J'avais envie d'un peu de magie après avoir enchaîné quelques romans, certes magnifiques, mais d'une noirceur à fendre l'âme, à mi-chemin entre la violence d'un film de Jacques Audiard et la douleur d'un de ceux des frères Dardenne.

Et puis, je suis de la génération de Harry, celle qui a découvert et adoré "Harry Potter à l'école des sorciers" lors de sa sortie française en 1998 -j'avais 10 ans, presque comme le rejeton des Potter-, celle qui a attendu les quatre derniers tomes comme d'autres attendent le messie, celle qui a rêvé sa lettre d'admission à Poudlard et mis des posters des films dans sa chambre de pré-ado.
Alors quand j'ai su que J.K. Rowling après ses incursions dans la littérature adulte s'offrait un nouveau détour du côté des romans jeunesse, j'ai succombé, surtout après avoir entendu dire de son nouvel ouvrage qu'il tenait diablement du conte et que le propos en était aussi engagé qu'intelligent.
Et cette couverture...

Certes, j'avais quelques craintes aussi en ouvrant "l'Ickabog": celle d'être déçue, celle de ne pas parvenir à attendre autres choses que variations poudlaresques, celle de me sentir trop vieille pour le livre, celle de réaliser que J.K. Rowling surfe sur sa popularité sans rien proposer de vraiment bon...

Et puis j'ai lu et c'est avec bonheur que je me suis sentie complètement happée par l'histoire: celle du royaume de Cornucopia dont tous les habitants -ou presque- vivaient dans le bonheur et l'abondance sous le règne du très beau et très aimé roi Fred-Sans-Effroi jusqu'au jour où un berger venu du nord du pays, là où la terre est infertile et brumeuse, s'en est venu annoncer que l'Ickabog, ce monstre de légendes destiné à faire peur aux enfants, était bel et bien réel et qu'il s'en prenait aux hommes (et aux chiens)...

A dater de ce jour funeste, plus rien ne fut jamais pareil en Cornucopia: des soldats partirent en guerre, le fils d'une pâtissière se fâcha avec la fille d'une couturière, un menuisier devint presque fou, les orphelins et les meurtres essaimèrent tandis que planait, comme une perpétuelle menace, l'ombre noire de l'Ickabog sanguinaire.

Il faudra tout le courage d'une poignée de sujets du roi Fred pour ramener la paix dans le petit royaume.
Pour y ramener aussi lucidité, réflexion et intelligence et pour y faire comprendre que les monstres ne sont pas toujours ceux qu'on croit.

"L'Ickabog" est un conte, un vrai de vrai avec son lot de personnages fantasques et un poil caricaturaux, la cartographie presque merveilleuse de Cornucopia et ses odeurs de fromages et de pâtisserie qui régalera les enfants, à n'en pas douter.
Il possède également cette touche d'humour propre à son auteur qui ne peut que réjouir chacun de ses lecteurs.
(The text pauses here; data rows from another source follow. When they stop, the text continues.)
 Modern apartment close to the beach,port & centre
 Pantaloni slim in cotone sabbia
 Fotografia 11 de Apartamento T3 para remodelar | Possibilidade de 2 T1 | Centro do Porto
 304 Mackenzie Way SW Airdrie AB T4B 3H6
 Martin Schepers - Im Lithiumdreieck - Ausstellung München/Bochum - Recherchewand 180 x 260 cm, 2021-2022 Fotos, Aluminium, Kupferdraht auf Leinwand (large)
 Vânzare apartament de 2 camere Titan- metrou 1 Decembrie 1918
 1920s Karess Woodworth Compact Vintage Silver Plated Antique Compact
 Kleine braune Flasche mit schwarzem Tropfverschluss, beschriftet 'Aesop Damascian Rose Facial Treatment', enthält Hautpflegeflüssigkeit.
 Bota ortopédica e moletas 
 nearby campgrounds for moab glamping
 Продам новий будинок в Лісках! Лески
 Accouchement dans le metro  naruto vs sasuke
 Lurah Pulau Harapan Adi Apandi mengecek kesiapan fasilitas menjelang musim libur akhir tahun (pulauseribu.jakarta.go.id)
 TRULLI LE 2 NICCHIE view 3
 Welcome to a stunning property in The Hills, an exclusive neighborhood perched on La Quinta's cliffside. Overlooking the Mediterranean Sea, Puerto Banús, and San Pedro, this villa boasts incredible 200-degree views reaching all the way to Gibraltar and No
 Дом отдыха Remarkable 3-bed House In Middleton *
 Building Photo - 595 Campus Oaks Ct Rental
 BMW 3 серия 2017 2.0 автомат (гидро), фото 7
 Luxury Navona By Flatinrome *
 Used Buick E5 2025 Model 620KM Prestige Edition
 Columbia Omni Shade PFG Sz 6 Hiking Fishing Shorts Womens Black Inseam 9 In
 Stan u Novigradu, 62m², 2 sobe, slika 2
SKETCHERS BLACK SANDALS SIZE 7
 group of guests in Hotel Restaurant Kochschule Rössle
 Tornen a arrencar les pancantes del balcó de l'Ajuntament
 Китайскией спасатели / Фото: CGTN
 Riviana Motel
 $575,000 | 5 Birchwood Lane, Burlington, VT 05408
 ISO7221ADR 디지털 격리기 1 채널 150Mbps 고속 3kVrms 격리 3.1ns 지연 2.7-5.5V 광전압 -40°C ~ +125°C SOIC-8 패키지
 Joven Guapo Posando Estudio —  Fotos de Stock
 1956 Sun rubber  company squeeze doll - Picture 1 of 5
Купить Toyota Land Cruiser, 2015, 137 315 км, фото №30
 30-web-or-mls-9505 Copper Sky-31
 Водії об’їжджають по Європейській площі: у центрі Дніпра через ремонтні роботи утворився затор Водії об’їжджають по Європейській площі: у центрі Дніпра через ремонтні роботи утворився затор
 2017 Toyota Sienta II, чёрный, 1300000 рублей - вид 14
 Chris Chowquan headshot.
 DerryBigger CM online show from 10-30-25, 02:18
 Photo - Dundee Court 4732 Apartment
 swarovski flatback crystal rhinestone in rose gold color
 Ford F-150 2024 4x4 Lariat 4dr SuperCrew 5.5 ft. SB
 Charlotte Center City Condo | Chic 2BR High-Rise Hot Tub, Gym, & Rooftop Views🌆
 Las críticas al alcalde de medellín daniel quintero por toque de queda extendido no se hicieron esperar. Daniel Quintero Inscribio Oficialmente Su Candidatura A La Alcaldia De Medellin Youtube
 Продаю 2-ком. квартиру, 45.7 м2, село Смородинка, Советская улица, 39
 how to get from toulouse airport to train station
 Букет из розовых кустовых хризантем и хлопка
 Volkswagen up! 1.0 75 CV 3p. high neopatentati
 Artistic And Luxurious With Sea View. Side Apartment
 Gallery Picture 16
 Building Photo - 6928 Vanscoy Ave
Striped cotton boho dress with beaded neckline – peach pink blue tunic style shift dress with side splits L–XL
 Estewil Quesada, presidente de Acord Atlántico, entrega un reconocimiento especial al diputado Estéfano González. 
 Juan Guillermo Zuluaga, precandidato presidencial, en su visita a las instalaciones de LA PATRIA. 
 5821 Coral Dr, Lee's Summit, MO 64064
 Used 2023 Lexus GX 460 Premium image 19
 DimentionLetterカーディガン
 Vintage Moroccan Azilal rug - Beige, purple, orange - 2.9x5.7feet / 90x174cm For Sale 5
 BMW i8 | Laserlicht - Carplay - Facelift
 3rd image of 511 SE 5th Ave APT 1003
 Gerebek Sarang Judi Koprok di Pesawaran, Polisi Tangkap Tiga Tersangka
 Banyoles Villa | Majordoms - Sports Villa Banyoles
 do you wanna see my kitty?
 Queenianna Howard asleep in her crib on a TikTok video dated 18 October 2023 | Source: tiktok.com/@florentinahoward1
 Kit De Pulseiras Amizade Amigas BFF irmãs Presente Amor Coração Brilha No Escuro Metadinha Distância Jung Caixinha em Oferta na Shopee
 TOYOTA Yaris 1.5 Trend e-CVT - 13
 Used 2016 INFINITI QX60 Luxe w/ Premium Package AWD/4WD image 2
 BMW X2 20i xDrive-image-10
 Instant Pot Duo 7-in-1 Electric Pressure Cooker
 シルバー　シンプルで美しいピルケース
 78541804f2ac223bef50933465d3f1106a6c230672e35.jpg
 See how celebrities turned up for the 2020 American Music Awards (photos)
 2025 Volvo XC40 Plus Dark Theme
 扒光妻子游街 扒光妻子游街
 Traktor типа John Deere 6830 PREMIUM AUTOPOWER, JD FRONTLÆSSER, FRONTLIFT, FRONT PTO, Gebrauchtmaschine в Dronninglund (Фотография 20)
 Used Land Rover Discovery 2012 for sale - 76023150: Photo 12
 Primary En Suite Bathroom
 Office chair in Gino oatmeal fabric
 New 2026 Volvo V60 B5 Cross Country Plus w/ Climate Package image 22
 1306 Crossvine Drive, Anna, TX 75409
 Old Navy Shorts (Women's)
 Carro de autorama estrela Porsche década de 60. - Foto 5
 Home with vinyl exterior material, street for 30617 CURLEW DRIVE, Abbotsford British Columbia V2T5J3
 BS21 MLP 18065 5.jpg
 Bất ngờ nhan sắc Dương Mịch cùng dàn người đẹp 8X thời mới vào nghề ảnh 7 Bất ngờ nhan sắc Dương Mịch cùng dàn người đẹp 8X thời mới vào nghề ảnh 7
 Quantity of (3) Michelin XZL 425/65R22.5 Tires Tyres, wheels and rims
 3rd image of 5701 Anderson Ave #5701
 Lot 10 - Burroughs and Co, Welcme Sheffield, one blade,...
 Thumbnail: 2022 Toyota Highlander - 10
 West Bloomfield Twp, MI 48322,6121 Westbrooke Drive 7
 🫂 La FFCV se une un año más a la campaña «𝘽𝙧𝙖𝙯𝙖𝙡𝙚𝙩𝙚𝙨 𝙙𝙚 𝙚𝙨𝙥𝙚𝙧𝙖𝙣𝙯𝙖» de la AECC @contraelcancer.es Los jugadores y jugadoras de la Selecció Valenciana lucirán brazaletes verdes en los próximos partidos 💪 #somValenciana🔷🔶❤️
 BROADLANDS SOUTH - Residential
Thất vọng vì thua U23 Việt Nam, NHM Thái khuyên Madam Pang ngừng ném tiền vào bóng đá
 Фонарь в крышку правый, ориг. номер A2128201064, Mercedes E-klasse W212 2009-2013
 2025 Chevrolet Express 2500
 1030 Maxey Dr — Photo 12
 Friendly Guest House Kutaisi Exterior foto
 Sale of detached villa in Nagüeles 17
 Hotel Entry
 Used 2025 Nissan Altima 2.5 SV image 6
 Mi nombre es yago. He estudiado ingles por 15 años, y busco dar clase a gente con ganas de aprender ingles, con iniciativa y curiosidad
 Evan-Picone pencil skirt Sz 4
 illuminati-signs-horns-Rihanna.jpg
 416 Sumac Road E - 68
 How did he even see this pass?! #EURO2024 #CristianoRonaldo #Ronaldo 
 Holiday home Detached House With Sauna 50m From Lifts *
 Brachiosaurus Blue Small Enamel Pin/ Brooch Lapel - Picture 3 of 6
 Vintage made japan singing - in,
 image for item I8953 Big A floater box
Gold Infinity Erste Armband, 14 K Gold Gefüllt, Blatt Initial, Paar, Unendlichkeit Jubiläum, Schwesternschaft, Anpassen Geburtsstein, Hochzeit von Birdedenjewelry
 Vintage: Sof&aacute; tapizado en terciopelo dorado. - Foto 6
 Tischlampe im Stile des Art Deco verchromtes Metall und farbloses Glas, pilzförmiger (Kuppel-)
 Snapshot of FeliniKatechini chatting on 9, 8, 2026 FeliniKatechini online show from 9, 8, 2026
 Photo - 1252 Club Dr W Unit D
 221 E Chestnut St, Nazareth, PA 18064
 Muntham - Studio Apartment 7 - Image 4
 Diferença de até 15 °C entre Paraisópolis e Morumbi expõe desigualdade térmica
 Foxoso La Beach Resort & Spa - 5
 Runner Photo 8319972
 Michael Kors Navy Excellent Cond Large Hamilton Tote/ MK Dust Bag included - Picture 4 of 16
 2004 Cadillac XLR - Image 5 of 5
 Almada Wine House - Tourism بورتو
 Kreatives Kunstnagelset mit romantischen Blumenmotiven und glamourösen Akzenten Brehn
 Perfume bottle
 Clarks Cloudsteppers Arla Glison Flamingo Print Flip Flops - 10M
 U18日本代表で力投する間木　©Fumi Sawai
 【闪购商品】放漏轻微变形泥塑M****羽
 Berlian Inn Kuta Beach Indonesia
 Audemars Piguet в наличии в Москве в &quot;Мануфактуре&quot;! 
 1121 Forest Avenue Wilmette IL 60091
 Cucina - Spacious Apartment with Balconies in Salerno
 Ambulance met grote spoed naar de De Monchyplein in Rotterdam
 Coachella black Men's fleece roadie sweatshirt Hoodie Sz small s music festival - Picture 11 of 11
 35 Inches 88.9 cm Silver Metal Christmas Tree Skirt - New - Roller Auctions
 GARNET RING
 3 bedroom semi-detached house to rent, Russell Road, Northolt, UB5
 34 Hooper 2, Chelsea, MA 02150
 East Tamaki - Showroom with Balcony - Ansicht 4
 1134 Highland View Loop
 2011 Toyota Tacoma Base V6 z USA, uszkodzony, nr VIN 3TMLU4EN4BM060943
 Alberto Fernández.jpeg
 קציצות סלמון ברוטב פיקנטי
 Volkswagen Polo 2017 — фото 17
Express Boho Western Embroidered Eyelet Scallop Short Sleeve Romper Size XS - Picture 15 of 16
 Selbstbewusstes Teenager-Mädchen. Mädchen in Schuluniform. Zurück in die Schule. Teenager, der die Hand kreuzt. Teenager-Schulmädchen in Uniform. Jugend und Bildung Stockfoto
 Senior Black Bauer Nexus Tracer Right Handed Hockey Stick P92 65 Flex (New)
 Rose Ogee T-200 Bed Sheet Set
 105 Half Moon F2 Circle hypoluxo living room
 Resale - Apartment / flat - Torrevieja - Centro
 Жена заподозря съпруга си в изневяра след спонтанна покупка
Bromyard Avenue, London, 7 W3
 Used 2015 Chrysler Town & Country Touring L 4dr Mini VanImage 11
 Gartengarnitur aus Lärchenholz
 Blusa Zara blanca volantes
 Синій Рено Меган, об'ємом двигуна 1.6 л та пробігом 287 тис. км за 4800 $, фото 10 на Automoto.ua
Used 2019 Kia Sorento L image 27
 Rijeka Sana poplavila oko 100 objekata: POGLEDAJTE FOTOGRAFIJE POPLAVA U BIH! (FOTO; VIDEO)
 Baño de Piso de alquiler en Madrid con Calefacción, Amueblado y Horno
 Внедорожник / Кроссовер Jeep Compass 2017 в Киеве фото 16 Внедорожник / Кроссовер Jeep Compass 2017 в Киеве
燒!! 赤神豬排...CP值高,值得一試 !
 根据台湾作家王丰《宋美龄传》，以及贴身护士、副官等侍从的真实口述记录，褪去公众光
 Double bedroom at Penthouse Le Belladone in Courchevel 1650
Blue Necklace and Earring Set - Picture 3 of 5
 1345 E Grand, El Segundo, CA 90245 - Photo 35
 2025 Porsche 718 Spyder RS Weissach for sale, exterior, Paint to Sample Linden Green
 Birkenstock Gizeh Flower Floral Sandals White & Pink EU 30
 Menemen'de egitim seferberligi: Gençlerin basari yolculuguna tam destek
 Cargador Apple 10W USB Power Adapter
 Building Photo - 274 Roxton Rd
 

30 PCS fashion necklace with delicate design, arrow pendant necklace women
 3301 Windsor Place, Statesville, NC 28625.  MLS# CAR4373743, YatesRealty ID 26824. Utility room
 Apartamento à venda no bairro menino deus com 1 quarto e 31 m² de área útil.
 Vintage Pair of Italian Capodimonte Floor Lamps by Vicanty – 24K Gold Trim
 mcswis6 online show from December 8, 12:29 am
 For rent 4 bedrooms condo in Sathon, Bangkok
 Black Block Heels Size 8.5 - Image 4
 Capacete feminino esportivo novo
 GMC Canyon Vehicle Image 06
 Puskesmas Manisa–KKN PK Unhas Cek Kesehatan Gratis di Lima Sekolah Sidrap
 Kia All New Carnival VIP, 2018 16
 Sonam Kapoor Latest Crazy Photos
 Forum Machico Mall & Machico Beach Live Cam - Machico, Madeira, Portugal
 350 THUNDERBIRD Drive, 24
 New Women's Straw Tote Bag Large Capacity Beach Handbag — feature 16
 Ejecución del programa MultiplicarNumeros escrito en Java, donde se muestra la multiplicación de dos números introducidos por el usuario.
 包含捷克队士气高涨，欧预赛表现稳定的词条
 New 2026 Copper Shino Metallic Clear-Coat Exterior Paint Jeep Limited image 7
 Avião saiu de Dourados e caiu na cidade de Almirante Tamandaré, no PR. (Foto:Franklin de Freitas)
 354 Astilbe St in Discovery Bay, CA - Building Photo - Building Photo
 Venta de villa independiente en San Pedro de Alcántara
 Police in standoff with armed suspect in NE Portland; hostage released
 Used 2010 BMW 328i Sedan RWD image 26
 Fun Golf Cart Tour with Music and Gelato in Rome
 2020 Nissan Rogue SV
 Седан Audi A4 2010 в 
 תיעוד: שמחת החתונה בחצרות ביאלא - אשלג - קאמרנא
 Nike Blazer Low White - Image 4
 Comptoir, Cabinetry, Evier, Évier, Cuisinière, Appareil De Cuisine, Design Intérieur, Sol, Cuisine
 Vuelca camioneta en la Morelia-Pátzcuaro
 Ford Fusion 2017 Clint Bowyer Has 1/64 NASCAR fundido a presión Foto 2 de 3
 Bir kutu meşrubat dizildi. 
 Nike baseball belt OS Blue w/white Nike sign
Moi j'ai ri à chaque cocasserie.
L'intrigue est romanesque au possible, bien traitée et construite avec pas mal de finesse et beaucoup d'efficacité. La narration qui alterne points de vue et focalisation, qui sait doser et ménager le suspense à grands coups de "s'ils avaient su" et qui joue avec un art consommé des ellipses temporelles est un délice qui ne s'amoindrit qu'à la toute fin du roman que j'ai trouvé trop rapide et trop précipitée.

En sus de tout cela, de ces qualités littéraires, "L'Ickabog" est également et surtout une formidable fable politique sur les abus de pouvoir, les mensonges d'état, la terreur et la corruption entraînés par un régime autoritaire sinon totalitaire qui amène à réfléchir et à s'interroger; qui se fait aussi le chantre de l'esprit critique et de la réflexion.
Difficile de ne pas le lire à la lumière de notre époque pour le moins troublée, où les fake news fleurissent aussi vivement que les polémiques dont les journaux ne gardent souvent que l'aspect fracassant sans pousser plus loin la cogitation... Mal du siècle!

Cet aspect du roman est d'autant plus savoureux et intelligent qu'il ne s'encombre pas d'une gangue moralisatrice -ce que je supporte toujours assez mal- mais bel et bien d'une aura romanesque palpitante qui m'a personnellement fait passer un excellent moment plein de magie tout en me confortant dans quelques idées sur la vérité et le pouvoir et en me poussant à toujours vouloir encourager l'esprit critique, où qu'il veuille et puisse bien se loger.

Ce n'est pas tout à fait du Voltaire mais on s'en rapproche un peu, les effluves de nacelles-de-fées et les grands yeux tristes de l'Ickabog en plus.